Privacy is Consent (alt: On Optimal Privacy vs. System Efficiency)

This fieldnote documents my notes with regards to a characterization of systems I’ve been calling “optimal privacy” but which intersects and overlaps with many other concepts in the literature e.g “privacy and computational complexity” or “approximate privacy”.

Starting with an observation, it is clear that privacy-preserving protocols are less efficient than non-privacy preserving protocols - that is to say that it seems that one must always communicate more to say less. (As far as I can tell, this observation was first made by Beaver[1])

This raises two interesting questions, what do we mean when we say we can compute a function privately and how does optimal-privacy relate to overall system efficiency?

Beaver[1], Chor[2], Kushilevitz[2][3] and others published much on this in the last 80s to early 90s and what follows below is a summary and rephrasing of their work.

What functions can be computed privately?

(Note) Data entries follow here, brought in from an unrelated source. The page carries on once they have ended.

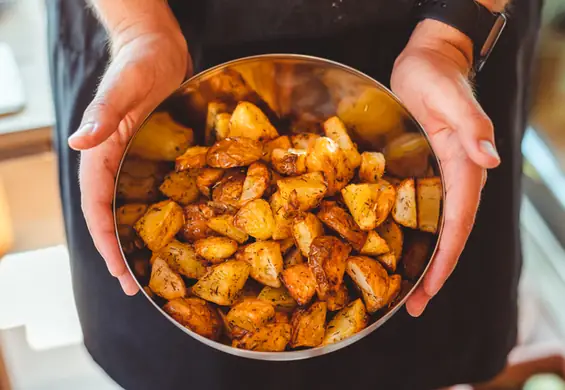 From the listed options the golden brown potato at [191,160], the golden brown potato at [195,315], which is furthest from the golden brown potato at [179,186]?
the golden brown potato at [195,315]

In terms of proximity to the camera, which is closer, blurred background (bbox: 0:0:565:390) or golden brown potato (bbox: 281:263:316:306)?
golden brown potato (bbox: 281:263:316:306)

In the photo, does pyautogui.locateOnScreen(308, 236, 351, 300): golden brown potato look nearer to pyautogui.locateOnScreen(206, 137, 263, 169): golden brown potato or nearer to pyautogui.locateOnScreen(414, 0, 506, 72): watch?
Answer: pyautogui.locateOnScreen(206, 137, 263, 169): golden brown potato

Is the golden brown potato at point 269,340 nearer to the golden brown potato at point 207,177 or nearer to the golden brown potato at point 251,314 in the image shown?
the golden brown potato at point 251,314

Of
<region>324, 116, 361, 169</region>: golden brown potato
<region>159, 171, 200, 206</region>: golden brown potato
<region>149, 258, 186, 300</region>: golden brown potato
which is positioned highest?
<region>324, 116, 361, 169</region>: golden brown potato

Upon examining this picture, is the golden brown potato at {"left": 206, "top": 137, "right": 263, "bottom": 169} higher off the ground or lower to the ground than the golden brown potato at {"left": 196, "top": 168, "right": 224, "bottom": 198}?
higher

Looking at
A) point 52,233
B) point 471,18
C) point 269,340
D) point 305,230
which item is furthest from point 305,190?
point 52,233

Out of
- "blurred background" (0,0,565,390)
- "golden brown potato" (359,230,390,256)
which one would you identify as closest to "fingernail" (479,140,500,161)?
"golden brown potato" (359,230,390,256) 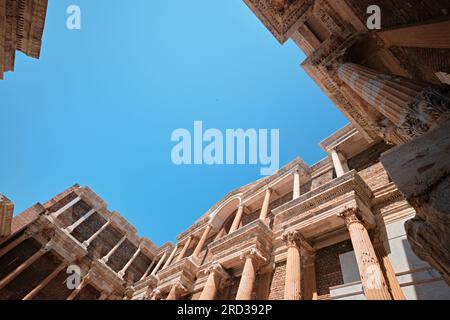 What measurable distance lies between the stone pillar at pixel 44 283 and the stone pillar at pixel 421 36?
65.8 ft

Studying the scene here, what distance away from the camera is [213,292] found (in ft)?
30.5

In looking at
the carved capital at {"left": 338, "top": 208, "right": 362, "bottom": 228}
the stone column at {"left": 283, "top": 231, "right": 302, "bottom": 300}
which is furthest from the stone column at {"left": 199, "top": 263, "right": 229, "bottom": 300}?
the carved capital at {"left": 338, "top": 208, "right": 362, "bottom": 228}

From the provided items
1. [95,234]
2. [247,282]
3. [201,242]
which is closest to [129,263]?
[95,234]

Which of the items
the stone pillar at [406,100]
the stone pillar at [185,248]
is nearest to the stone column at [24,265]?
the stone pillar at [185,248]

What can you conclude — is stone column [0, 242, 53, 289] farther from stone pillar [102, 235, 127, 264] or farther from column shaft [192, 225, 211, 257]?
column shaft [192, 225, 211, 257]

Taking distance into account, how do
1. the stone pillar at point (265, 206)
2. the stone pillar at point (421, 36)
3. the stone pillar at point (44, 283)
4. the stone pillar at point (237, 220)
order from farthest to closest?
the stone pillar at point (44, 283) < the stone pillar at point (237, 220) < the stone pillar at point (265, 206) < the stone pillar at point (421, 36)

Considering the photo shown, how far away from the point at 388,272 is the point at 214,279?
6.00 meters

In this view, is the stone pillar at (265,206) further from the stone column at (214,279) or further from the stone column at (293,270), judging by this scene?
the stone column at (293,270)

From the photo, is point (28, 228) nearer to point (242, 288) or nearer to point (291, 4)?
point (242, 288)

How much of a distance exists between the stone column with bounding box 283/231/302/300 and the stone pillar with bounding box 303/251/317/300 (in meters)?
0.65

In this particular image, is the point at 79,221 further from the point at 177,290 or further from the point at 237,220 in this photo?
the point at 237,220

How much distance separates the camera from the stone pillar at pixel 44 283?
14.4m

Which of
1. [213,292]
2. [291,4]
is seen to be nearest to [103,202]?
[213,292] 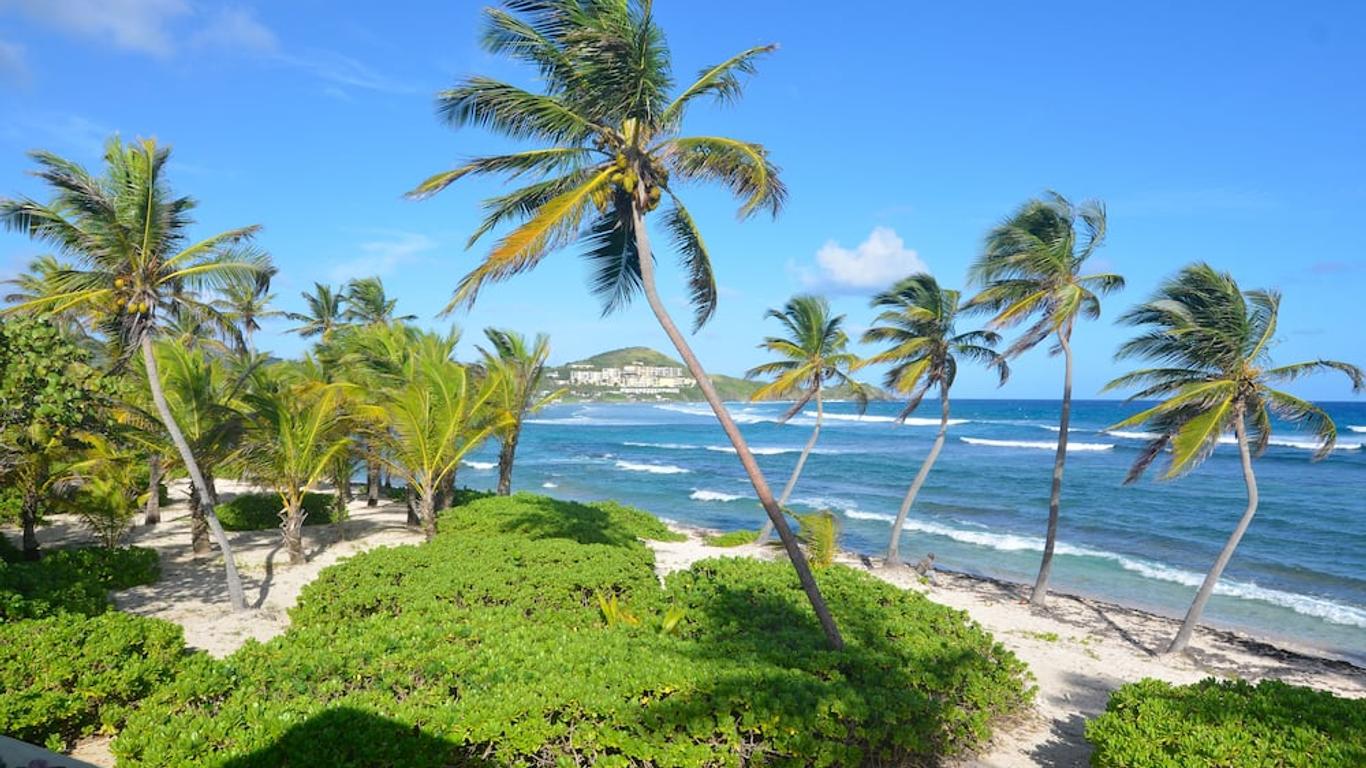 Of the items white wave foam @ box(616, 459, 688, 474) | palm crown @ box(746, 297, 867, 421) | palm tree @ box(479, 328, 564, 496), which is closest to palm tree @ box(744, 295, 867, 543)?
palm crown @ box(746, 297, 867, 421)

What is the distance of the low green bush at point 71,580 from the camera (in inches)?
310

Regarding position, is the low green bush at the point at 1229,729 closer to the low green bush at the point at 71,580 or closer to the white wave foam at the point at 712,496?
the low green bush at the point at 71,580

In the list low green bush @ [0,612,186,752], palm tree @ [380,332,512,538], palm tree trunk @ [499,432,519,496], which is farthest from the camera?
palm tree trunk @ [499,432,519,496]

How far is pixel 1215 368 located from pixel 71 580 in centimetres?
1822

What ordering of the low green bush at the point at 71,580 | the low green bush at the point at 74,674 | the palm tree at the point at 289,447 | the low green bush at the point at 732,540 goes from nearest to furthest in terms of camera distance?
the low green bush at the point at 74,674 < the low green bush at the point at 71,580 < the palm tree at the point at 289,447 < the low green bush at the point at 732,540

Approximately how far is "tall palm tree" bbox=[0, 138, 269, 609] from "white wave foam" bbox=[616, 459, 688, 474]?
107 feet

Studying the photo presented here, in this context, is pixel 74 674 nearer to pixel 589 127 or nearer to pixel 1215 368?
pixel 589 127

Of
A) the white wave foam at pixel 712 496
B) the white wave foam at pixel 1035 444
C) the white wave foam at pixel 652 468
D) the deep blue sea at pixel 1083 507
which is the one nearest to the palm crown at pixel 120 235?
the deep blue sea at pixel 1083 507

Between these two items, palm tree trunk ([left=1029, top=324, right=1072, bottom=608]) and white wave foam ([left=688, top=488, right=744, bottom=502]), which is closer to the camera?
palm tree trunk ([left=1029, top=324, right=1072, bottom=608])

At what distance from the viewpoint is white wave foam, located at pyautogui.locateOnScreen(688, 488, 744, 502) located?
3194 cm

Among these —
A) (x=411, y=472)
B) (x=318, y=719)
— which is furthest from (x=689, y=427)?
(x=318, y=719)

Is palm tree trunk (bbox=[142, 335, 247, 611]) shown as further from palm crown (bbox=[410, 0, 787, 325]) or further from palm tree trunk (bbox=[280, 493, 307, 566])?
palm crown (bbox=[410, 0, 787, 325])

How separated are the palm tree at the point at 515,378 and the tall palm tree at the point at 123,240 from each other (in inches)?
374

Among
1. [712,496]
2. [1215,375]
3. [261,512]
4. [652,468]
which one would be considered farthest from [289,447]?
[652,468] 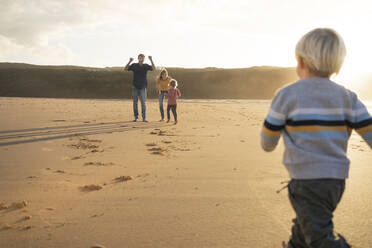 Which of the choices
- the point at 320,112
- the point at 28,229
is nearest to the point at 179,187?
the point at 28,229

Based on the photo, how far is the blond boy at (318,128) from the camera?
65.8 inches

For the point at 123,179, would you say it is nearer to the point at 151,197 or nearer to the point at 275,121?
the point at 151,197

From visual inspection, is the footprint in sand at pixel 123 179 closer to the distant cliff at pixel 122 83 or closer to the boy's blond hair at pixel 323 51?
the boy's blond hair at pixel 323 51

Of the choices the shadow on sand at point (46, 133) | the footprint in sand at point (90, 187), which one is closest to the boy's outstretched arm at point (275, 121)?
the footprint in sand at point (90, 187)

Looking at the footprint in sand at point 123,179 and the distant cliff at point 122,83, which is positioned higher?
the distant cliff at point 122,83

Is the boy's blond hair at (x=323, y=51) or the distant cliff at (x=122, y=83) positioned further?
the distant cliff at (x=122, y=83)

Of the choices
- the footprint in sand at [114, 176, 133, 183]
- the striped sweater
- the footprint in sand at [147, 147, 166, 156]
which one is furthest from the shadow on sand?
the striped sweater

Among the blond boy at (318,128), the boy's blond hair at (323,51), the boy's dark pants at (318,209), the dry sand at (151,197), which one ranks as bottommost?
the dry sand at (151,197)

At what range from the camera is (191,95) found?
5459 centimetres

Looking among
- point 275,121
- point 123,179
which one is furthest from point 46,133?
point 275,121

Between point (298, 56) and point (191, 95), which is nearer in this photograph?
point (298, 56)

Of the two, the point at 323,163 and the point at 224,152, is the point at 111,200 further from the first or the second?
the point at 224,152

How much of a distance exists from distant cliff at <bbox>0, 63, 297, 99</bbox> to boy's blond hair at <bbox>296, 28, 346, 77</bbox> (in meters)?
49.5

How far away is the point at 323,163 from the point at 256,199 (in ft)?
4.88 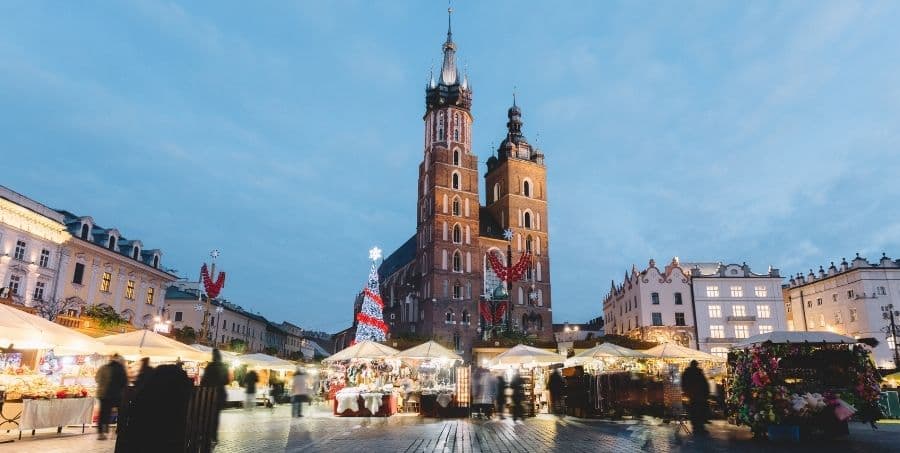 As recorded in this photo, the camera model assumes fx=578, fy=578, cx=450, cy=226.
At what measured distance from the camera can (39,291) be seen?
3278 cm

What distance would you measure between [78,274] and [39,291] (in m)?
3.33

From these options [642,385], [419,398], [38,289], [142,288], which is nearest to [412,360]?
[419,398]

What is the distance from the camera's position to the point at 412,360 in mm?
25156

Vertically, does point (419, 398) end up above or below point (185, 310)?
below

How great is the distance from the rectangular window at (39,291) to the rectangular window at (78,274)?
8.41ft

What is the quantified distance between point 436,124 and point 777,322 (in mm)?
42514

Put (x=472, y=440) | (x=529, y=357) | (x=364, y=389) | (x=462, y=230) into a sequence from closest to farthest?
(x=472, y=440), (x=364, y=389), (x=529, y=357), (x=462, y=230)

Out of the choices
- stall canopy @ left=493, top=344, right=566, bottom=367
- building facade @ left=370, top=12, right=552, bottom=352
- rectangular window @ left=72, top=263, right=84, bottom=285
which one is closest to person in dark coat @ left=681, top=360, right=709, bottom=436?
stall canopy @ left=493, top=344, right=566, bottom=367

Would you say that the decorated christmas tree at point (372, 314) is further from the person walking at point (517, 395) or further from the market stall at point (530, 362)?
the person walking at point (517, 395)

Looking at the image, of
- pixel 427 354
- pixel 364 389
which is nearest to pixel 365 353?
pixel 364 389

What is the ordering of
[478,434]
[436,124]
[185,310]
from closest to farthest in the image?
1. [478,434]
2. [185,310]
3. [436,124]

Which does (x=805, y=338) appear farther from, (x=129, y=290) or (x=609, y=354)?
(x=129, y=290)

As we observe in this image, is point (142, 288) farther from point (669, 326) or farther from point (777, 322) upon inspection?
point (777, 322)

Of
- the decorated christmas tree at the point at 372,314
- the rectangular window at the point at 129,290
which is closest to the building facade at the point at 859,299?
the decorated christmas tree at the point at 372,314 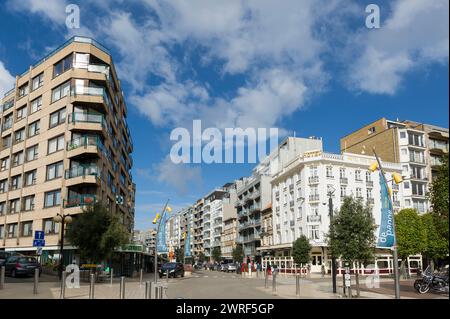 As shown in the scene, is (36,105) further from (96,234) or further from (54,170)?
(96,234)

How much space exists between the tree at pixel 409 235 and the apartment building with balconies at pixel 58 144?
2910cm

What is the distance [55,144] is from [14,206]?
1129 centimetres

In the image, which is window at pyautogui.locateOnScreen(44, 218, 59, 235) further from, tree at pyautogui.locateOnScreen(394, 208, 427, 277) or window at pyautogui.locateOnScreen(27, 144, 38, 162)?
tree at pyautogui.locateOnScreen(394, 208, 427, 277)

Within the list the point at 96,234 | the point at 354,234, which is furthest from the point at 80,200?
the point at 354,234

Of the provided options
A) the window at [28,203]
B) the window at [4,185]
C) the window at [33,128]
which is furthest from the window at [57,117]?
A: the window at [4,185]

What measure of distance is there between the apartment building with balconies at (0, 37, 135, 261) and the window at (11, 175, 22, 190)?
0.06 meters

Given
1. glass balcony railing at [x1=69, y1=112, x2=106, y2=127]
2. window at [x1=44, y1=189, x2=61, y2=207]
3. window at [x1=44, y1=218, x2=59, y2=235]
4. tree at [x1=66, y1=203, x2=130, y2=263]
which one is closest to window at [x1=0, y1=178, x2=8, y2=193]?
window at [x1=44, y1=189, x2=61, y2=207]

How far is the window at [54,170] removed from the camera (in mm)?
43553

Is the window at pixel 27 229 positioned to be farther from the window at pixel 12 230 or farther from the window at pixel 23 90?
the window at pixel 23 90

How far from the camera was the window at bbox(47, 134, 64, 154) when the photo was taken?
145 ft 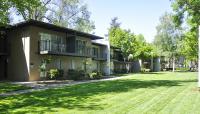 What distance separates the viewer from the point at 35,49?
33.4 meters

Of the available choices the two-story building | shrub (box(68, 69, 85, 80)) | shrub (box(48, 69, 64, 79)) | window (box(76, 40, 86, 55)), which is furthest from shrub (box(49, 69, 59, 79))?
window (box(76, 40, 86, 55))

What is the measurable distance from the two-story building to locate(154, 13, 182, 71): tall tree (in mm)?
45785

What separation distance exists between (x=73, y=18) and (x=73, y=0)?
5.07 metres

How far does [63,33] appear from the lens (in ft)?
127

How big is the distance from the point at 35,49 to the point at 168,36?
5366 cm

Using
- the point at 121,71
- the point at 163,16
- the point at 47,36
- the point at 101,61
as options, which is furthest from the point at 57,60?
the point at 163,16

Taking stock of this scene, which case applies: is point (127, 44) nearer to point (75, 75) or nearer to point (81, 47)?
point (81, 47)

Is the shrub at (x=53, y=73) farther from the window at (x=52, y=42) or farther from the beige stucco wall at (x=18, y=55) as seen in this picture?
the beige stucco wall at (x=18, y=55)

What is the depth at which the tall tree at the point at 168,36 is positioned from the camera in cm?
8000

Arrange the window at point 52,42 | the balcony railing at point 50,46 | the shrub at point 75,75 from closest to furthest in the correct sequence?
1. the balcony railing at point 50,46
2. the window at point 52,42
3. the shrub at point 75,75

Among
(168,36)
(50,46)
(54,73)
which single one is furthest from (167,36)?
(54,73)

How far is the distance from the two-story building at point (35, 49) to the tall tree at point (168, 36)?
150ft

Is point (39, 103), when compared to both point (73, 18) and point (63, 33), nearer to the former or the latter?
point (63, 33)

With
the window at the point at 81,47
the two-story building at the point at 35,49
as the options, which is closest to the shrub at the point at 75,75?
the two-story building at the point at 35,49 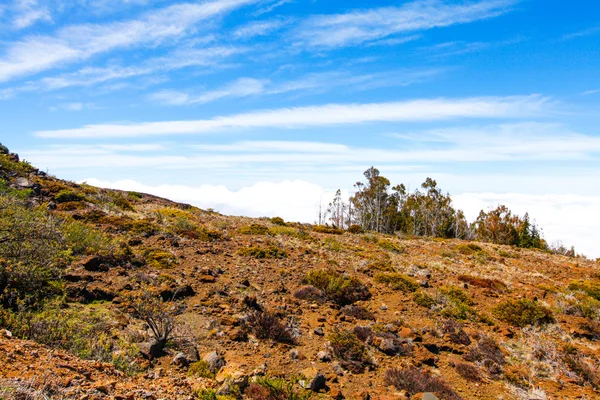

Let’s consider two parties Alice & Bob, who wish to compute a function $f(x,y)$ where $x$ is an input provided by Alice, and $y$ is an input provided by Bob.

We note that Alice could simply send $x$ to Bob (or Bob could send $y$ to Alice) and the recipient would be able to computer the function keeping their input private. We however would like to explore ways such that both can compute the function while revealing as little as possible about their input.

In the ideal case, what is generally referred to as perfect-privacy we would like to reveal only information that can be derived from either parties private input and the value of the function.

While generally left unspecified in earlier papers on this subject, I want to explicitly add one additional constraint to the definition of a perfectly private protocol:

  • The information about the private inputs that is communicated, or that can be derived, as a result of the protocol should be symmetric for both parties

Any function $f(x,y)$ can be reduced and written as a matrix $M$ where the the matrix coordinate $M(x,y) = f(x,y)$. As an example the following is a representation of an AND function, and an OR function:

$$AND(x,y) = \begin{pmatrix}0 & 0\\ 0 & 1\end{pmatrix}\,\, OR(x,y) = \begin{pmatrix}0 & 1\\ 1 & 1\end{pmatrix}$$

Given this representation we can start to construct rules and intuition about which functions can be made to be privacy preserving and which cannot.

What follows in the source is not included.